When the first lot crossed the block at Northeast Auctions’ three-day sale on Friday, August 5, kicking off Antiques Week in New Hampshire, the action did not stop until the last lot, 1694, was sold on Sunday. So on Saturday, when the last lot of the Kellogg Collection was sold, in the next breath Ron Bourgeault offered the first lot of the Claire Cook Collection.
Born Claire Chapin in 1928, she spent most of her life in the Chicago suburb of Winnetka, and with her husband, Ridgley Cook, built a collection of her own, while at the same time advising other collectors on the right things to buy.
Steve White of Skaneateles, N.Y., writes in the auction catalog: “During those years we watched a dynamo in action. Claire was the North Shore’s premier interior designer. As the icon of style, fashion and collecting, she was also the antiques business’ best friend. She traveled far and wide from early morning to late at night (with Ridge’s help) to find furniture, folk art, textiles, paintings, ceramics, carvings, rug †in short, anything old and good looking. In later years, she expanded her interests to include Twentieth and Twenty-First Century artists.”
That paragraph neatly wraps up the variety in the collection offered.

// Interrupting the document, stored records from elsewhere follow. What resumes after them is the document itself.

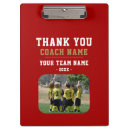 Recherche de coach clipboards Entraîneur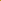 anokherang Dupattas Yellow Gotta Pom Pom Dupatta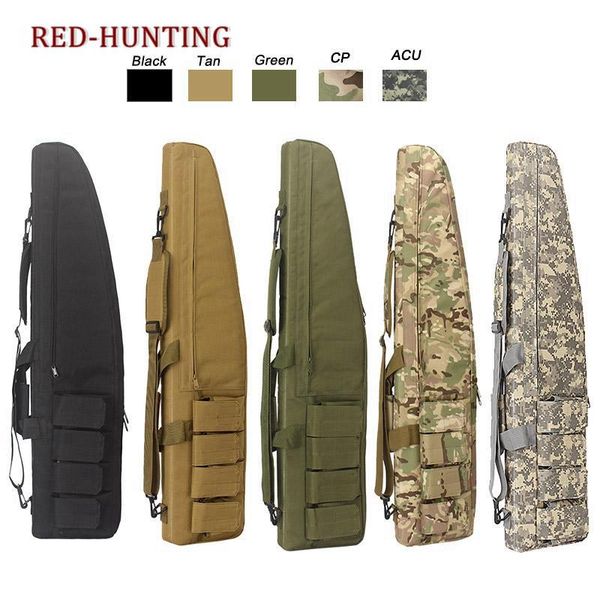 stuff sacks 120cm/70cm/95cm tactical gun bag heavy rifle outdoor portable hunting fishing waterproof diagonal
stuff sacks 120cm/70cm/95cm tactical gun bag heavy rifle outdoor portable hunting fishing waterproof diagonal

The first lot, number 721 in the catalog, was a pieced cotton sunburst quilt with triple sawtooth border, late Nineteenth Century, 81 by 66½ inches, that sold for $354, under the $500 high estimate.
All prices quoted include the 18 percent buyer’s premium.

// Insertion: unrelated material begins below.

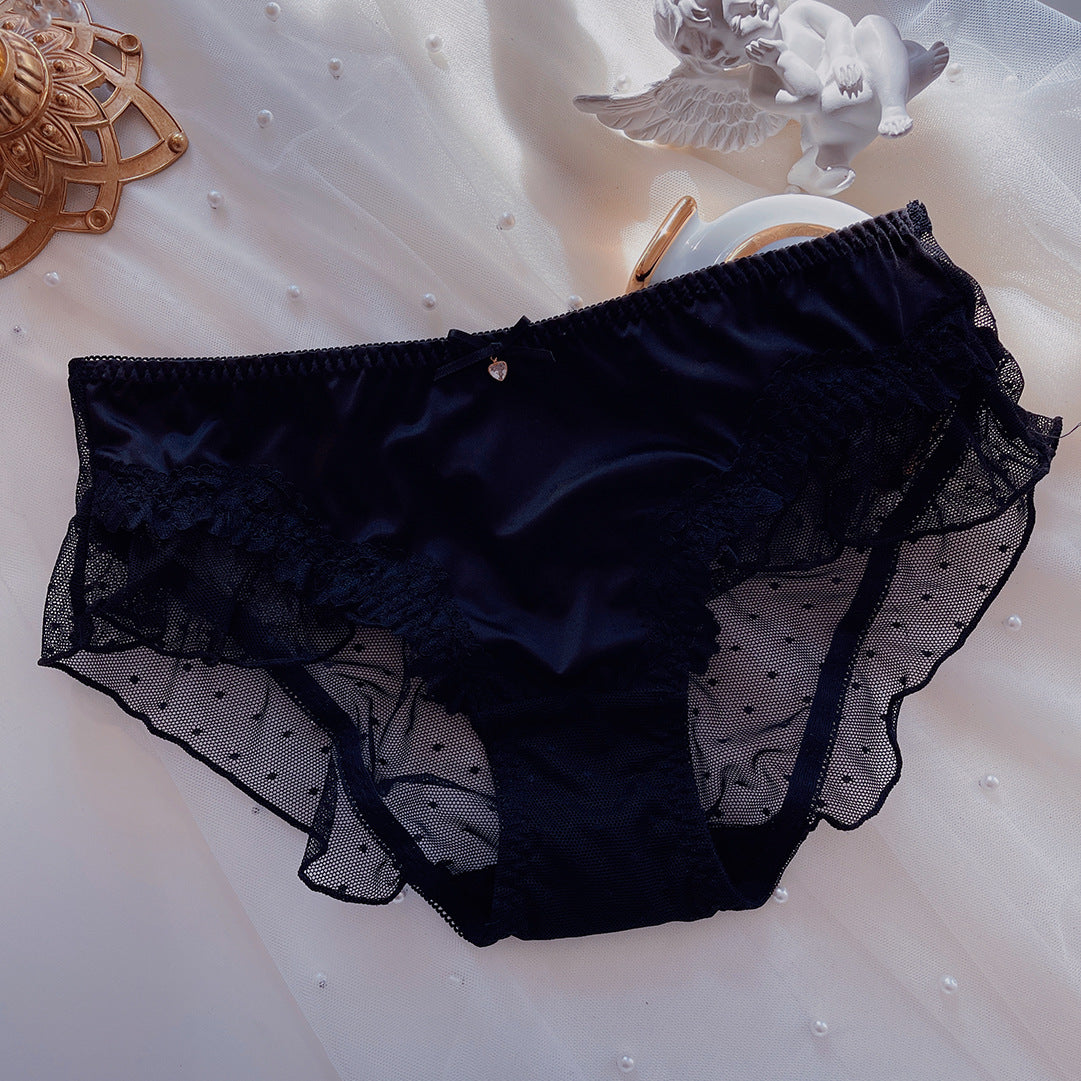 ZD Petite Gâteau（4Packs）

A Pennsylvania redware pitcher with incised bands, 10 inches high, brought $1,534, over the high estimate of $800, and an American primitive tabletop still life with compote of fruit and watermelon, circa 1880, oil on canvas, 24 by 30 inches, just doubled the high estimate, selling for $3,540. A Charles A. Hart carving of a penguin, a standing figure, painted and measuring 7½ inches high, went over the estimate of $1,500, selling for $3,422.
A folk art carved and painted carnival head of a man, 19 inches high, brought $1,888; an American splint loom basket with three compartments, 27 inches high, realized $1,121; a carved and painted hanging owl decoy, 27½ inches tall, sold to owl fanciers for $2,596; and a New England country Chippendale painted and decorated child’s blanket box with shaped apron and bracket feet, 13½ inches high, top measuring 11 by 24½ inches, sold for $4,484, well over the $900 high estimate. The provenance on this piece listed Samaha Antiques, Milan, Ohio.
A Connecticut Chippendale inlaid-cherry desk and bookcase, Norwich or Connecticut River Valley, late Eighteenth Century, in two parts, closed bonnet top, frontal ball and claw feet, sold for $23,600, within estimate; a Louisiana carved and painted pine folk art rabbit, 19 inches long and from the collection of Robert Bishop, was $2,006; and a New England Queen Anne grain painted cherry candlestand, 16-by-16½-inch top, sold for just over the high estimate at $5,900.
A carved and painted pelican by Lou Schifferl, Neenah, Wis., 34¼ inches high, went for $1,652; the portrait of Julie Smith in white dress with red sash by Erastus Salisbury Field, oil on canvas measuring 33 by 27 inches, sold for just under the low estimate at $9,440. The provenance lists Lawrence “Gene” King of Monroe Center, Ill. The following lot, a New England painted and boldly decorated one-drawer blanket chest, Betty Sterling provenance, exceeded the high $8,000 estimate, realizing $10,030.
Bringing more than three times the $5,000 high estimate was an American folk art wool appliqué crib quilt, late Nineteenth Century, depicting cats, horses, chickens and other farm animals, as well as shoes, farm tools and leaves, that brought $17,700. It measures 54 by 38 inches and was mounted in a Plexiglas frame. A pencil on paper by Fritz Vogt showing the residence of Mr and Mrs Chas Kinaman, Buel, Montgomery County, N.Y., 18 by 23½ inches, signed and dated Septr. 29, 1892, lower left, went for $12,980.
The sale ended with the Twentieth Century well represented through collections of carved fish, frogs, turtles and other shapes of fishing decoys, as well as trade signs and walking sticks.
“I knew Claire for over 35 years and her collection, varied and interesting, came through many of the old-time dealers. And I am pleased to have been the auctioneer picked to sell her things,” Ron Bourgeault said. He added that the sale went well, grossing a total of $775,000, including the buyer’s premium.